◆ **Directions**:
Using the records that follow, copy every line containing the word "image".

◆ **Provided entries**:
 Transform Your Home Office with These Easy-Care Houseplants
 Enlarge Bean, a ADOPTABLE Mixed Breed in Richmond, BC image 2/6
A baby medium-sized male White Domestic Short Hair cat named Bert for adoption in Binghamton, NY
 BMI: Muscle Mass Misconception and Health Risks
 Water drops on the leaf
...
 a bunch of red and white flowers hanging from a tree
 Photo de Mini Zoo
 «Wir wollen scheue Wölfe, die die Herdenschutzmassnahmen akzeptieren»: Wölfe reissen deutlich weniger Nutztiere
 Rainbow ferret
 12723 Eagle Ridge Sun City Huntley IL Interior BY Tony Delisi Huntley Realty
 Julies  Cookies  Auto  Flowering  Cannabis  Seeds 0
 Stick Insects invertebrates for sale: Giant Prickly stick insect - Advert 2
...
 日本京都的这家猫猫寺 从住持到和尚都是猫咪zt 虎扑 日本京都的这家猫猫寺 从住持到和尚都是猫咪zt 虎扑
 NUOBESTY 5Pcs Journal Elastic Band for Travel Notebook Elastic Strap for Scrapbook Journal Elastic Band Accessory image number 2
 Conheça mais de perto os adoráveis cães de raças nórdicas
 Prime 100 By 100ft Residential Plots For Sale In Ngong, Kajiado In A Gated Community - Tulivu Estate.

◆ **Answer area**:
 Enlarge Bean, a ADOPTABLE Mixed Breed in Richmond, BC image 2/6
 NUOBESTY 5Pcs Journal Elastic Band for Travel Notebook Elastic Strap for Scrapbook Journal Elastic Band Accessory image number 2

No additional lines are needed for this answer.